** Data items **
- Opening Delimiter -

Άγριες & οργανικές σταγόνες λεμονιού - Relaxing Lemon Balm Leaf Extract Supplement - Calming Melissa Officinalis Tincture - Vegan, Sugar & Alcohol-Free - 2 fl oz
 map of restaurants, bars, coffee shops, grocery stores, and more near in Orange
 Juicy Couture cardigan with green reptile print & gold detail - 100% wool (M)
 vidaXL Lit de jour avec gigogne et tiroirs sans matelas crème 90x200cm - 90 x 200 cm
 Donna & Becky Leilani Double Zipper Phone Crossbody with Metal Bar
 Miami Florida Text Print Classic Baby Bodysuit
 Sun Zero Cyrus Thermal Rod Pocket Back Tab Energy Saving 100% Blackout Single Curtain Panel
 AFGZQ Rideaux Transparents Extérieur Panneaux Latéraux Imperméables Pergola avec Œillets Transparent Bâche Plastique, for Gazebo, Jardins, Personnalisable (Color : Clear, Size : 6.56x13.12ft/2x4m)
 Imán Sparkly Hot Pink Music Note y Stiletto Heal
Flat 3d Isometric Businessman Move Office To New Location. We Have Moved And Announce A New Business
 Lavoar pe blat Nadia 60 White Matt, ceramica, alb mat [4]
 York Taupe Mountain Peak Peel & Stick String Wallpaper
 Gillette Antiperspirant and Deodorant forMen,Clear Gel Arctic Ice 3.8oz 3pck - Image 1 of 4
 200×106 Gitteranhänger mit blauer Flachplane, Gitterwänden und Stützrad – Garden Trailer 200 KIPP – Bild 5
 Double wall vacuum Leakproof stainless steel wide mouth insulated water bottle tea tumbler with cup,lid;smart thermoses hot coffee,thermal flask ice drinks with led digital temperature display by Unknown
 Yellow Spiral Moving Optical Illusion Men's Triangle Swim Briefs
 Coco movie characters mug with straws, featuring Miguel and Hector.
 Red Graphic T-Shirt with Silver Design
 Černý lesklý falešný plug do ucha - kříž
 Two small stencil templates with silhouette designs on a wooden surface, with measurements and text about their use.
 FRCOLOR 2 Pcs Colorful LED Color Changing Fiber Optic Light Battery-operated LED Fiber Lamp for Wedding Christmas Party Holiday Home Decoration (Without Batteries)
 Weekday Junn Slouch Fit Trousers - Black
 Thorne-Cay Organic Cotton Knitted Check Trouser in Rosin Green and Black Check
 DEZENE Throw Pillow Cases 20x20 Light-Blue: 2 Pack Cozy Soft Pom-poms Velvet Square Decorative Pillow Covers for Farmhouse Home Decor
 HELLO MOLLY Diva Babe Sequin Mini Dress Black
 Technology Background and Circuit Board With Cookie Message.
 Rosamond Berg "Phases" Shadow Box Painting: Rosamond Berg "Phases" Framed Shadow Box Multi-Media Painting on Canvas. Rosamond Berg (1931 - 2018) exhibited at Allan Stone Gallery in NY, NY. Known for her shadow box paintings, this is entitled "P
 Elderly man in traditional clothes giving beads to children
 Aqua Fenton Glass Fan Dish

- Closing Delimiter -

The answer must be the line containing "Technology Background and" and every line after it through the last line of the records above, repeated exactly.

 Technology Background and Circuit Board With Cookie Message.
 Rosamond Berg "Phases" Shadow Box Painting: Rosamond Berg "Phases" Framed Shadow Box Multi-Media Painting on Canvas. Rosamond Berg (1931 - 2018) exhibited at Allan Stone Gallery in NY, NY. Known for her shadow box paintings, this is entitled "P
 Elderly man in traditional clothes giving beads to children
 Aqua Fenton Glass Fan Dish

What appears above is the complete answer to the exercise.